Recorded data:
-.-.-

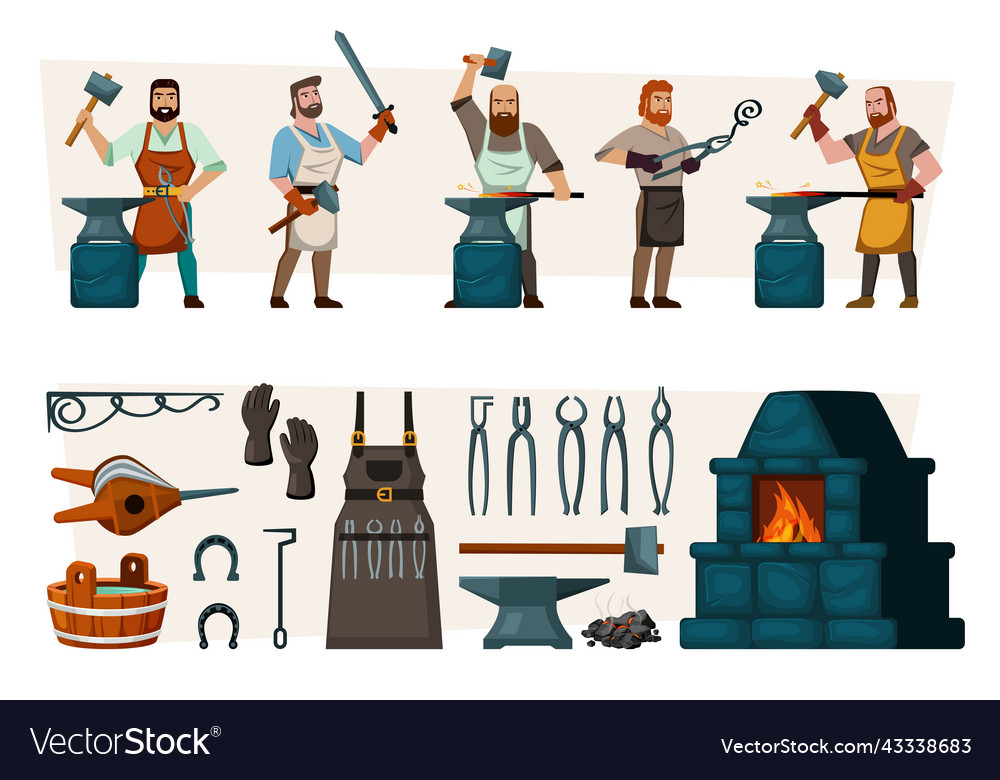 Medieval Blacksmith Creating Armor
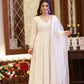 White Schiffli Cotton Anarkali with Net Dupatta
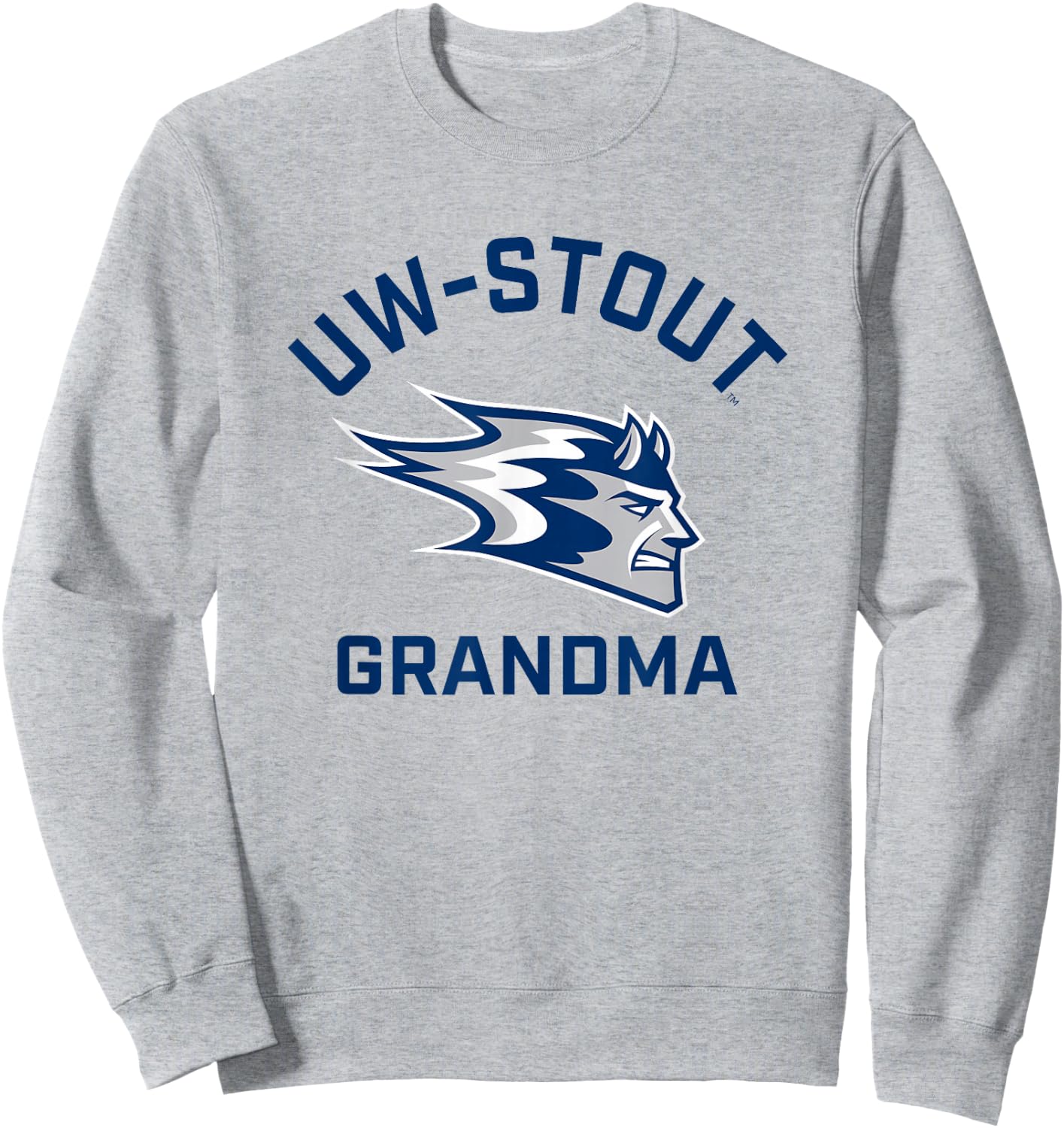 University of Wisconsin-Stout Blue Devils Arched Grandma Sweatshirt - Sweatshirt | Ash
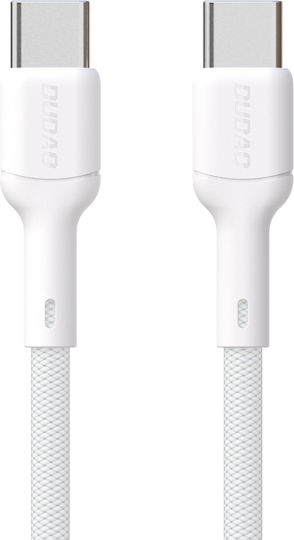 Dudao USB 2.0 Кабел USB-C Мъжки - USB-C 65W Захранване (PD) Бял 1м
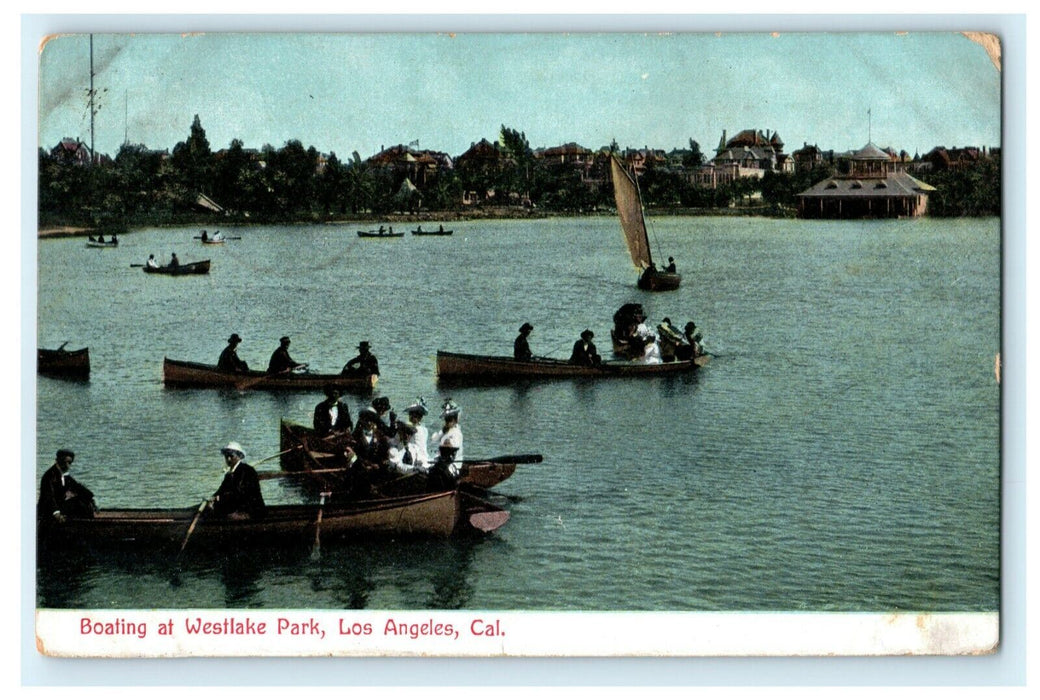 Boating Westlake Park Los Angeles California 1908 Pasadena Rare Antique Postcard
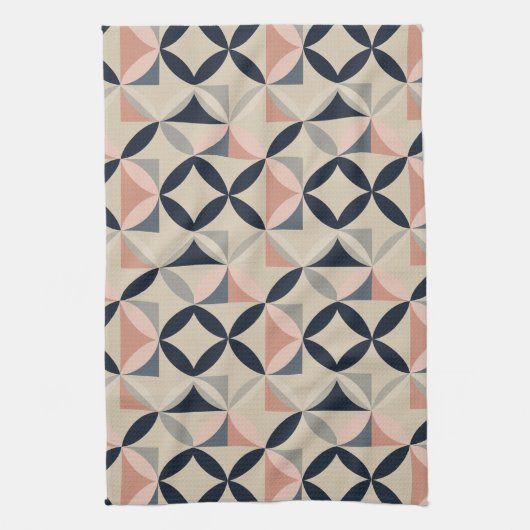Mid Century Modern Geometric Abstract Pattern  キッチンタオル (縦)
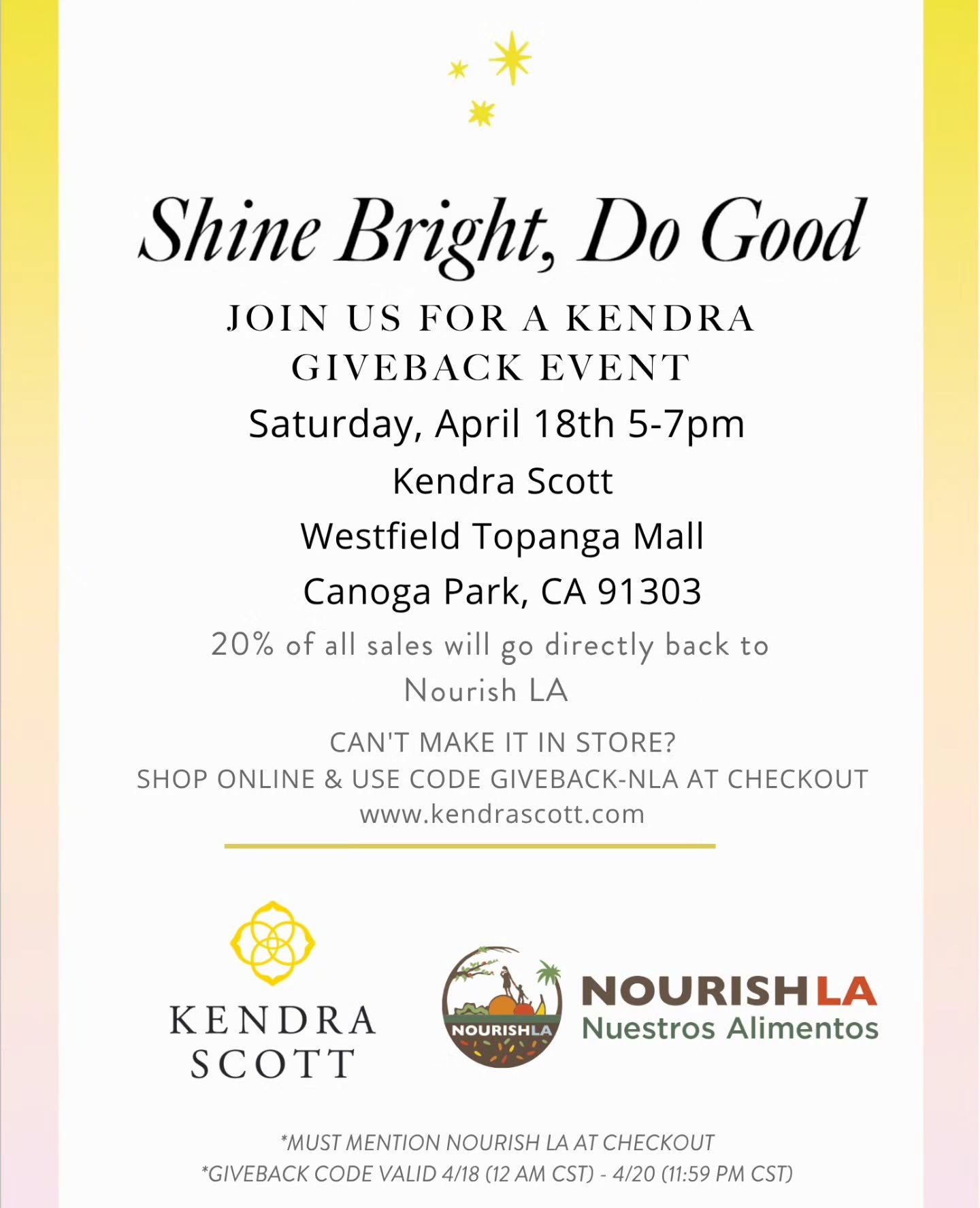 Shine bright and do good! ✨ Join us for a special giveback event with @kendrascott at Westfield Topanga.

​Whether you&rsquo;re treating yourself or looking for the perfect gift, 20% of your purchase will go directly toward supporting our food recove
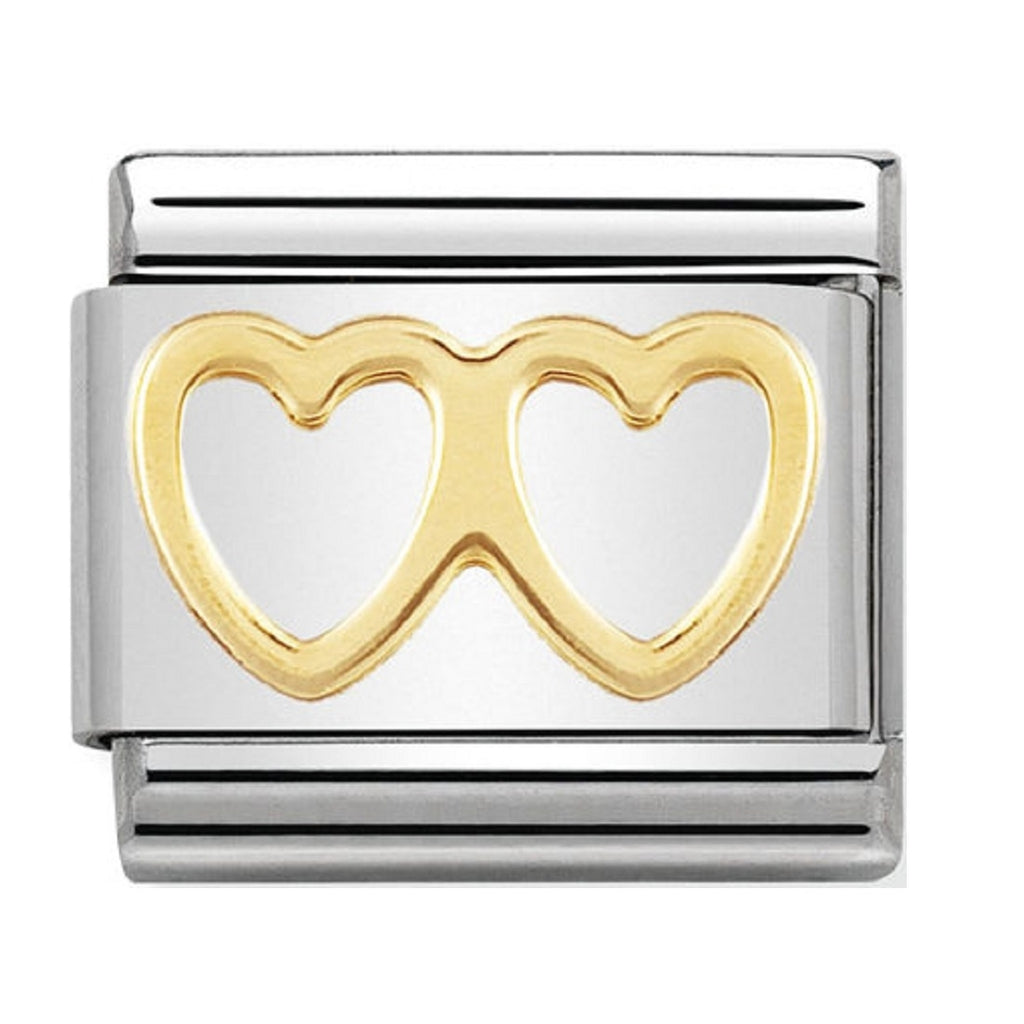 NOMINATION CHARMS 18CT GOLD CLASSIC DOUBLE HEART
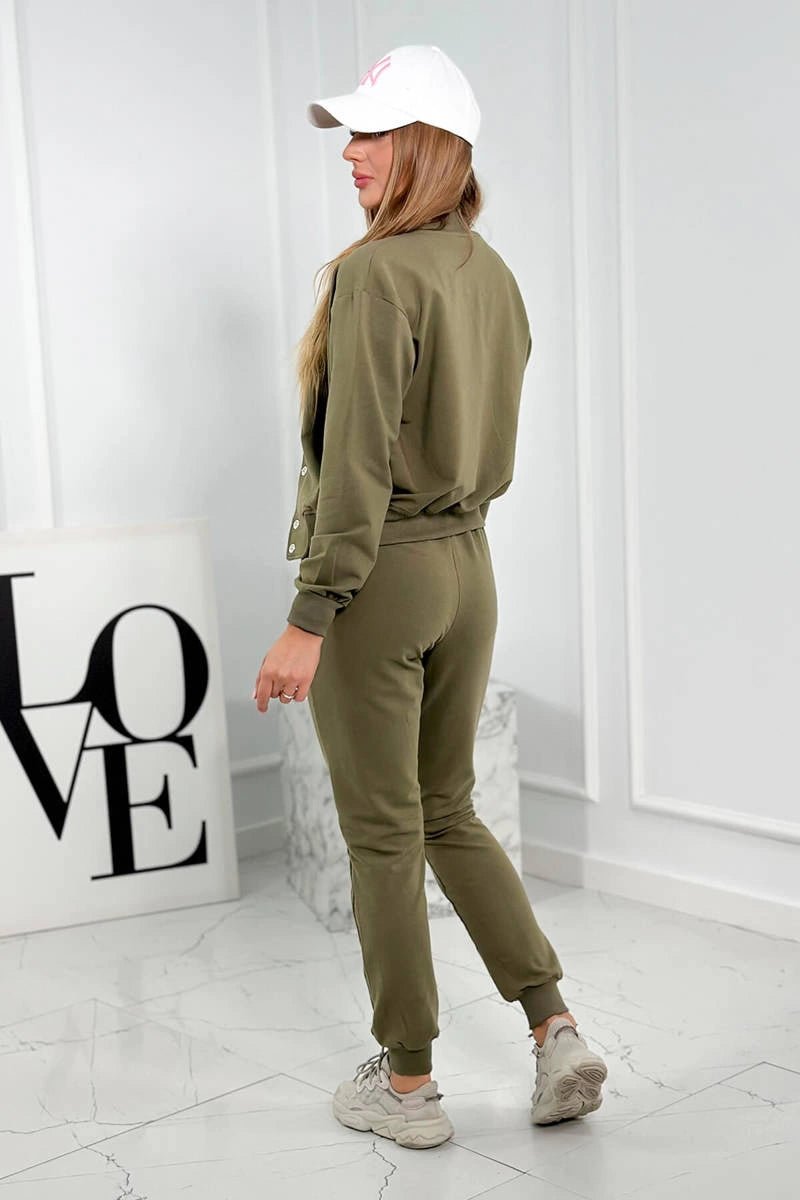 Set of sweatshirt, top, and pants 7161 / – Khaki цвет / color | Lexline Fashion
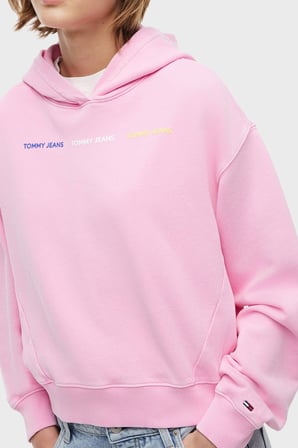 Tommy Jeans Logolu Regular Fit Kapüşonlu Sweat Kadın SWEAT DW0DW22906 TOU PEMBE
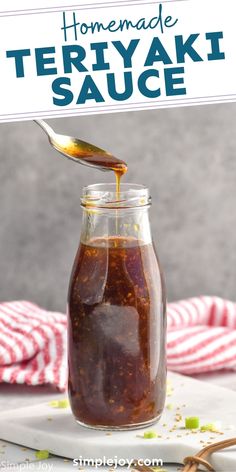 homemade teriyaki sauce in a glass jar with a spoon on the side and text overlay that reads homemade teriyaki sauce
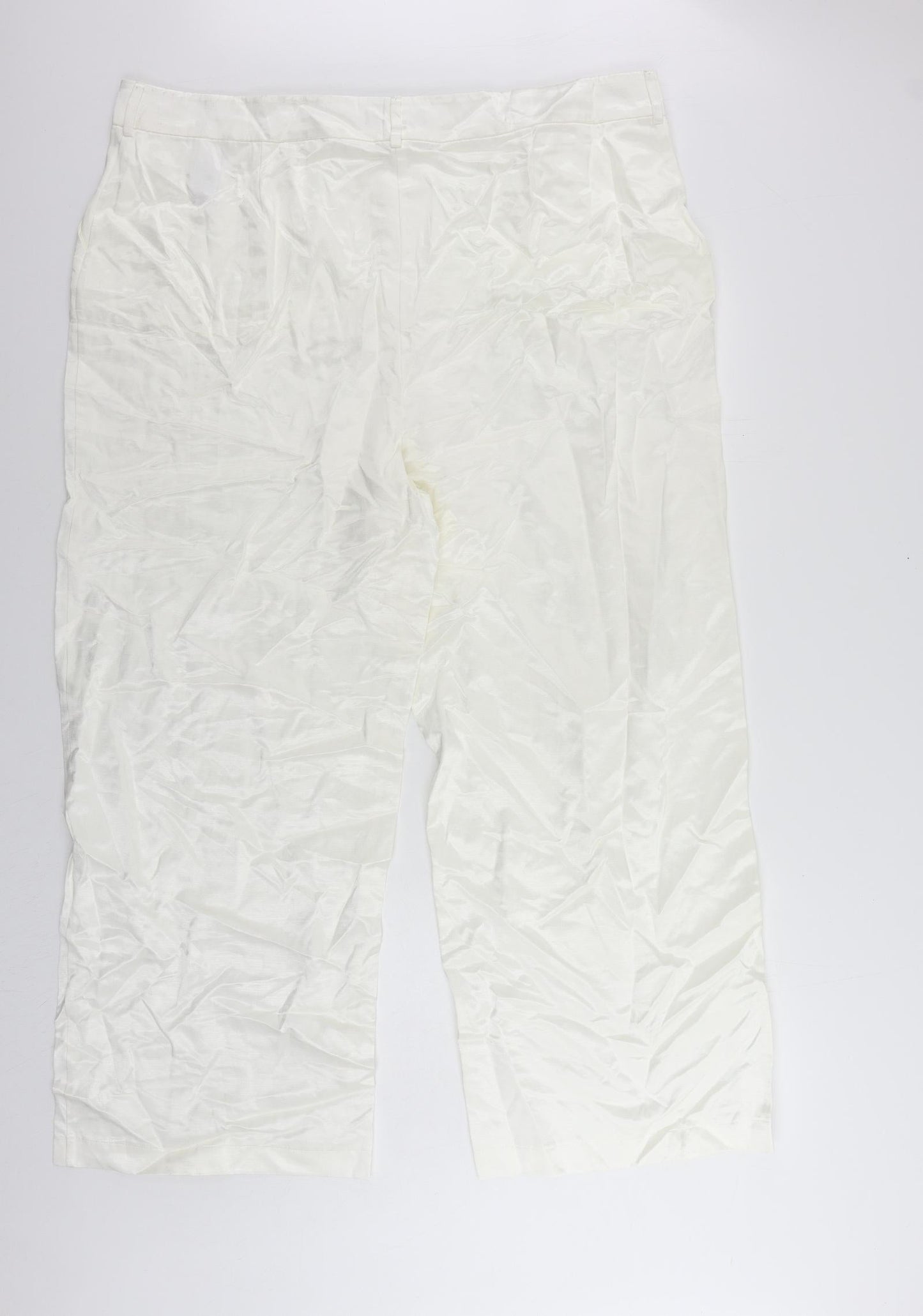 Womens UK Size 24 Marks and Spencer Regular Fit  White Trousers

-.-.-

Task directions — Repeat exactly the lines above, from the line containing "NOMINATION CHARMS 18CT" through the last line of the records, inclusive; omit any pictures.

Task output —
 NOMINATION CHARMS 18CT GOLD CLASSIC DOUBLE HEART
 Set of sweatshirt, top, and pants 7161 / – Khaki цвет / color | Lexline Fashion
 Tommy Jeans Logolu Regular Fit Kapüşonlu Sweat Kadın SWEAT DW0DW22906 TOU PEMBE
 homemade teriyaki sauce in a glass jar with a spoon on the side and text overlay that reads homemade teriyaki sauce
 Womens UK Size 24 Marks and Spencer Regular Fit  White Trousers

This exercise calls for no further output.